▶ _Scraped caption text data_

━━━━━━

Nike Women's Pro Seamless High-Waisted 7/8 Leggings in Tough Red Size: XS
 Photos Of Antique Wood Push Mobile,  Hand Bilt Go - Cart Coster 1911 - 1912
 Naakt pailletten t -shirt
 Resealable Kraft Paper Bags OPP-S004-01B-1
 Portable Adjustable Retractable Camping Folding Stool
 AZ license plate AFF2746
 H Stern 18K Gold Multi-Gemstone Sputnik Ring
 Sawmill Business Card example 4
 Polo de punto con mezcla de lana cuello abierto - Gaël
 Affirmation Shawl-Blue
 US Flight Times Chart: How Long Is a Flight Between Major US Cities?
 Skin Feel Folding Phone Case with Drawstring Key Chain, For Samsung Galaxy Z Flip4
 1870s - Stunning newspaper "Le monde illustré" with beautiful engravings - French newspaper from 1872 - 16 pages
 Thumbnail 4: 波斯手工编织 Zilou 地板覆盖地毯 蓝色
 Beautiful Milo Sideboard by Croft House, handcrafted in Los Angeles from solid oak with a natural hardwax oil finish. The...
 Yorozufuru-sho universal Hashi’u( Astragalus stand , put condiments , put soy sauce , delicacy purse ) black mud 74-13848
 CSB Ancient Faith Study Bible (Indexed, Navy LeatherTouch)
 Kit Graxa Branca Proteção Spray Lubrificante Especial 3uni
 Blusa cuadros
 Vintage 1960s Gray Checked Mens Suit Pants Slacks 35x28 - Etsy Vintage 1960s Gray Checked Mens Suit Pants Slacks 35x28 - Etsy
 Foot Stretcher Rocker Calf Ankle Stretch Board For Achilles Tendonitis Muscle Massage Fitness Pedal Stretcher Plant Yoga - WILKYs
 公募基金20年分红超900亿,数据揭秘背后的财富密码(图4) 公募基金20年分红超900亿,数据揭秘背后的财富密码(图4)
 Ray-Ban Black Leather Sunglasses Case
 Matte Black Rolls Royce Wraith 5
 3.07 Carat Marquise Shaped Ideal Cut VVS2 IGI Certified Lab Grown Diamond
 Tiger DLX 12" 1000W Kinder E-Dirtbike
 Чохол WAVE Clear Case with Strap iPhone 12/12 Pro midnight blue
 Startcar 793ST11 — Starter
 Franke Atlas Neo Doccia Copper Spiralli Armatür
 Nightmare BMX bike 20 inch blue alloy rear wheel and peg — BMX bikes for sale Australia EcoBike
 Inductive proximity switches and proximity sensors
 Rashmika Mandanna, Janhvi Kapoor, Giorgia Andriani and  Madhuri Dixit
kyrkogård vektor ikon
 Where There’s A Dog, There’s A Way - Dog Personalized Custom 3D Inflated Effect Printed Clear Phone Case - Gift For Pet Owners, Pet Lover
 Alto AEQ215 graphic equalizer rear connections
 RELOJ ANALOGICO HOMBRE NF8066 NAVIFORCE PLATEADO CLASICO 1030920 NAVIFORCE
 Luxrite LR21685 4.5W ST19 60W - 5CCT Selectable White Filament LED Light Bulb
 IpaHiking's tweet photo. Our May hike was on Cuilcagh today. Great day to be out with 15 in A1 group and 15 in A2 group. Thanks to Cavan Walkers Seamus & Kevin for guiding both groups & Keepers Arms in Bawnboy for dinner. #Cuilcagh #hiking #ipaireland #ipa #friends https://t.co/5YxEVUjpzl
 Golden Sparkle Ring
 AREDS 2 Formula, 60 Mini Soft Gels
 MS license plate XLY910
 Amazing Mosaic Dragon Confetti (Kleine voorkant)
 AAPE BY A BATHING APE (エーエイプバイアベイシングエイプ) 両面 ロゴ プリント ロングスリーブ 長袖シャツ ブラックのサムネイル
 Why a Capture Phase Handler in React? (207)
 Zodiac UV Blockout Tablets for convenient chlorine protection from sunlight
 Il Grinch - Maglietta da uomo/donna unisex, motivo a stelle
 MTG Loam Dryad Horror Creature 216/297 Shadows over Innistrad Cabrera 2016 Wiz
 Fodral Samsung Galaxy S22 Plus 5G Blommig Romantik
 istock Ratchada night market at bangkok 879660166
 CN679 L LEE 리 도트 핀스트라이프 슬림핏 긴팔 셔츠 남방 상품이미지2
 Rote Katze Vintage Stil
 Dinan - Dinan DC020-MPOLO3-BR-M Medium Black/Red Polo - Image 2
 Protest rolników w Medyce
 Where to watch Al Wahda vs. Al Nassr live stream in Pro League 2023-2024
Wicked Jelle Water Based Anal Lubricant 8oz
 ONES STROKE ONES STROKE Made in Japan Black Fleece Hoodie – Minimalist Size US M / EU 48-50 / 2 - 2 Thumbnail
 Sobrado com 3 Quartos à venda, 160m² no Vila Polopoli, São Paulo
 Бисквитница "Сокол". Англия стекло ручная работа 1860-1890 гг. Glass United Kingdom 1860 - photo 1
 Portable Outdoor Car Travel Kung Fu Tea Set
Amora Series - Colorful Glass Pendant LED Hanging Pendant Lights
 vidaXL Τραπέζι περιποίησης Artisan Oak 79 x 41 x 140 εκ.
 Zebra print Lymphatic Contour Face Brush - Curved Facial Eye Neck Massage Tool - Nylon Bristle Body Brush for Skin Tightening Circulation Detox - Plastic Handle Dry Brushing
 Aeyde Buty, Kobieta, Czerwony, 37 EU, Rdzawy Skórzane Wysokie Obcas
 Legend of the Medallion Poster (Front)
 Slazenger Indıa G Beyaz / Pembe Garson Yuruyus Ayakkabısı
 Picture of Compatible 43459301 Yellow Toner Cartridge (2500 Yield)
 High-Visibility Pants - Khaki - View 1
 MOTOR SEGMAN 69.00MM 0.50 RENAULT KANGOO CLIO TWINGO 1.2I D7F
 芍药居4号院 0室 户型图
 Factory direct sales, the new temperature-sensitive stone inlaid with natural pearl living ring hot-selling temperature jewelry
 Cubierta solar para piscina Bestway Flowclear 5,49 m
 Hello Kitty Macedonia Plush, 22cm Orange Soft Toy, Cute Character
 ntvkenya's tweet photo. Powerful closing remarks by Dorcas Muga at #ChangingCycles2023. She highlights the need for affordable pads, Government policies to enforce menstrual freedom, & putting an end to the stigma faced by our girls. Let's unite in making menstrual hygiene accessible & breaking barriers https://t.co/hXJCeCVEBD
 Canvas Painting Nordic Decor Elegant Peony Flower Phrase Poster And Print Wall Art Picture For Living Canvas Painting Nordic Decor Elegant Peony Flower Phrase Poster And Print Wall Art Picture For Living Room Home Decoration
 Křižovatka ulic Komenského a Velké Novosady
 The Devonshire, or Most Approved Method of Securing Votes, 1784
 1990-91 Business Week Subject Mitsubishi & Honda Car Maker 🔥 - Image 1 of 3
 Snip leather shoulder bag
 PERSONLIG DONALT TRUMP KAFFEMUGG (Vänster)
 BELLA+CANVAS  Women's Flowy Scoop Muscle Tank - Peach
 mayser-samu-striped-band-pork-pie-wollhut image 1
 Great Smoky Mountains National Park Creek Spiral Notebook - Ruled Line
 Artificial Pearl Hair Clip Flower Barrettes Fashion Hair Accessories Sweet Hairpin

━━━━━━

▶ _Exercise_
The job here is to write out all the entries again exactly.

▶ _Problem solution_
Nike Women's Pro Seamless High-Waisted 7/8 Leggings in Tough Red Size: XS
 Photos Of Antique Wood Push Mobile,  Hand Bilt Go - Cart Coster 1911 - 1912
 Naakt pailletten t -shirt
 Resealable Kraft Paper Bags OPP-S004-01B-1
 Portable Adjustable Retractable Camping Folding Stool
 AZ license plate AFF2746
 H Stern 18K Gold Multi-Gemstone Sputnik Ring
 Sawmill Business Card example 4
 Polo de punto con mezcla de lana cuello abierto - Gaël
 Affirmation Shawl-Blue
 US Flight Times Chart: How Long Is a Flight Between Major US Cities?
 Skin Feel Folding Phone Case with Drawstring Key Chain, For Samsung Galaxy Z Flip4
 1870s - Stunning newspaper "Le monde illustré" with beautiful engravings - French newspaper from 1872 - 16 pages
 Thumbnail 4: 波斯手工编织 Zilou 地板覆盖地毯 蓝色
 Beautiful Milo Sideboard by Croft House, handcrafted in Los Angeles from solid oak with a natural hardwax oil finish. The...
 Yorozufuru-sho universal Hashi’u( Astragalus stand , put condiments , put soy sauce , delicacy purse ) black mud 74-13848
 CSB Ancient Faith Study Bible (Indexed, Navy LeatherTouch)
 Kit Graxa Branca Proteção Spray Lubrificante Especial 3uni
 Blusa cuadros
 Vintage 1960s Gray Checked Mens Suit Pants Slacks 35x28 - Etsy Vintage 1960s Gray Checked Mens Suit Pants Slacks 35x28 - Etsy
 Foot Stretcher Rocker Calf Ankle Stretch Board For Achilles Tendonitis Muscle Massage Fitness Pedal Stretcher Plant Yoga - WILKYs
 公募基金20年分红超900亿,数据揭秘背后的财富密码(图4) 公募基金20年分红超900亿,数据揭秘背后的财富密码(图4)
 Ray-Ban Black Leather Sunglasses Case
 Matte Black Rolls Royce Wraith 5
 3.07 Carat Marquise Shaped Ideal Cut VVS2 IGI Certified Lab Grown Diamond
 Tiger DLX 12" 1000W Kinder E-Dirtbike
 Чохол WAVE Clear Case with Strap iPhone 12/12 Pro midnight blue
 Startcar 793ST11 — Starter
 Franke Atlas Neo Doccia Copper Spiralli Armatür
 Nightmare BMX bike 20 inch blue alloy rear wheel and peg — BMX bikes for sale Australia EcoBike
 Inductive proximity switches and proximity sensors
 Rashmika Mandanna, Janhvi Kapoor, Giorgia Andriani and  Madhuri Dixit
kyrkogård vektor ikon
 Where There’s A Dog, There’s A Way - Dog Personalized Custom 3D Inflated Effect Printed Clear Phone Case - Gift For Pet Owners, Pet Lover
 Alto AEQ215 graphic equalizer rear connections
 RELOJ ANALOGICO HOMBRE NF8066 NAVIFORCE PLATEADO CLASICO 1030920 NAVIFORCE
 Luxrite LR21685 4.5W ST19 60W - 5CCT Selectable White Filament LED Light Bulb
 IpaHiking's tweet photo. Our May hike was on Cuilcagh today. Great day to be out with 15 in A1 group and 15 in A2 group. Thanks to Cavan Walkers Seamus & Kevin for guiding both groups & Keepers Arms in Bawnboy for dinner. #Cuilcagh #hiking #ipaireland #ipa #friends https://t.co/5YxEVUjpzl
 Golden Sparkle Ring
 AREDS 2 Formula, 60 Mini Soft Gels
 MS license plate XLY910
 Amazing Mosaic Dragon Confetti (Kleine voorkant)
 AAPE BY A BATHING APE (エーエイプバイアベイシングエイプ) 両面 ロゴ プリント ロングスリーブ 長袖シャツ ブラックのサムネイル
 Why a Capture Phase Handler in React? (207)
 Zodiac UV Blockout Tablets for convenient chlorine protection from sunlight
 Il Grinch - Maglietta da uomo/donna unisex, motivo a stelle
 MTG Loam Dryad Horror Creature 216/297 Shadows over Innistrad Cabrera 2016 Wiz
 Fodral Samsung Galaxy S22 Plus 5G Blommig Romantik
 istock Ratchada night market at bangkok 879660166
 CN679 L LEE 리 도트 핀스트라이프 슬림핏 긴팔 셔츠 남방 상품이미지2
 Rote Katze Vintage Stil
 Dinan - Dinan DC020-MPOLO3-BR-M Medium Black/Red Polo - Image 2
 Protest rolników w Medyce
 Where to watch Al Wahda vs. Al Nassr live stream in Pro League 2023-2024
Wicked Jelle Water Based Anal Lubricant 8oz
 ONES STROKE ONES STROKE Made in Japan Black Fleece Hoodie – Minimalist Size US M / EU 48-50 / 2 - 2 Thumbnail
 Sobrado com 3 Quartos à venda, 160m² no Vila Polopoli, São Paulo
 Бисквитница "Сокол". Англия стекло ручная работа 1860-1890 гг. Glass United Kingdom 1860 - photo 1
 Portable Outdoor Car Travel Kung Fu Tea Set
Amora Series - Colorful Glass Pendant LED Hanging Pendant Lights
 vidaXL Τραπέζι περιποίησης Artisan Oak 79 x 41 x 140 εκ.
 Zebra print Lymphatic Contour Face Brush - Curved Facial Eye Neck Massage Tool - Nylon Bristle Body Brush for Skin Tightening Circulation Detox - Plastic Handle Dry Brushing
 Aeyde Buty, Kobieta, Czerwony, 37 EU, Rdzawy Skórzane Wysokie Obcas
 Legend of the Medallion Poster (Front)
 Slazenger Indıa G Beyaz / Pembe Garson Yuruyus Ayakkabısı
 Picture of Compatible 43459301 Yellow Toner Cartridge (2500 Yield)
 High-Visibility Pants - Khaki - View 1
 MOTOR SEGMAN 69.00MM 0.50 RENAULT KANGOO CLIO TWINGO 1.2I D7F
 芍药居4号院 0室 户型图
 Factory direct sales, the new temperature-sensitive stone inlaid with natural pearl living ring hot-selling temperature jewelry
 Cubierta solar para piscina Bestway Flowclear 5,49 m
 Hello Kitty Macedonia Plush, 22cm Orange Soft Toy, Cute Character
 ntvkenya's tweet photo. Powerful closing remarks by Dorcas Muga at #ChangingCycles2023. She highlights the need for affordable pads, Government policies to enforce menstrual freedom, & putting an end to the stigma faced by our girls. Let's unite in making menstrual hygiene accessible & breaking barriers https://t.co/hXJCeCVEBD
 Canvas Painting Nordic Decor Elegant Peony Flower Phrase Poster And Print Wall Art Picture For Living Canvas Painting Nordic Decor Elegant Peony Flower Phrase Poster And Print Wall Art Picture For Living Room Home Decoration
 Křižovatka ulic Komenského a Velké Novosady
 The Devonshire, or Most Approved Method of Securing Votes, 1784
 1990-91 Business Week Subject Mitsubishi & Honda Car Maker 🔥 - Image 1 of 3
 Snip leather shoulder bag
 PERSONLIG DONALT TRUMP KAFFEMUGG (Vänster)
 BELLA+CANVAS  Women's Flowy Scoop Muscle Tank - Peach
 mayser-samu-striped-band-pork-pie-wollhut image 1
 Great Smoky Mountains National Park Creek Spiral Notebook - Ruled Line
 Artificial Pearl Hair Clip Flower Barrettes Fashion Hair Accessories Sweet Hairpin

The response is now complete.